House Bill Proposes to Slash TIGER Funding
Federal lawmakers are running out of time to come up with a long-term transportation funding solution by May 31, when the current bill expires. Meanwhile, the House Appropriations Committee has released a budget for FY 2016, which begins in October, that proposes to drastically reduce funds for projects that promote walking and biking.
The budget proposal calls for keeping transit and highway funding about the same as this year. It also calls for big cuts to the enormously popular TIGER program, which has helped fund projects like Tampa’s Riverwalk and the Indianapolis Cultural Trail.
The proposal would cut TIGER funding from $500 million to $100 million. The bill calls for reducing the size of individual grants from a minimum of $10 million to $2 million, and from a maximum of $200 million to $15 million. The bill would also increase the required local match from 40 to 50 percent.
Fortunately, this proposal will have to be hammered out with the Senate, which is likely to be more friendly to TIGER, says Transportation for America’s David Goldberg.
“We know that there’s pretty solid support for TIGER in the Senate,” Goldberg said. “We expect their number to be higher … but we’ll see if we can get it up to what it was this year.”
On the bright side, Goldberg said, this year’s appropriations bill doesn’t call for limiting TIGER funding to road, bridge, and port projects, like early proposals did last year.
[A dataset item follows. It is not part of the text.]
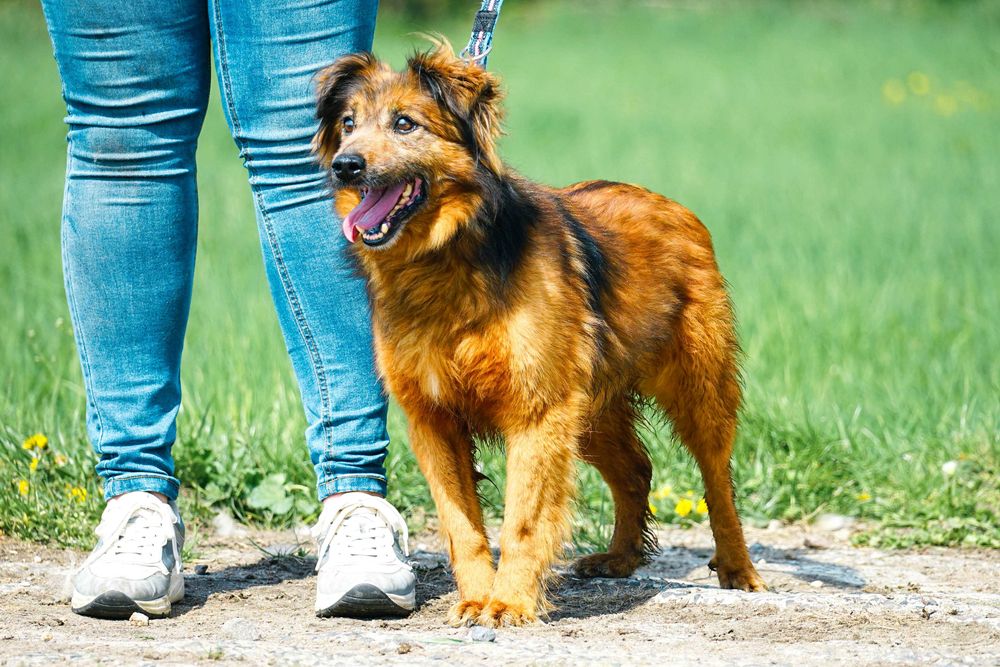 GUCIO - śliczny, łagodny psi senior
The appropriations bill also proposes cuts to the New Starts program, which provides federal funds for major new transit projects. Under the House proposal, New Starts would receive $200 million less in total funding, for a total of $1.92 billion. All projects that already have a full funding agreement with the federal government would receive their money. The bill would leave an additional $250 million for other projects.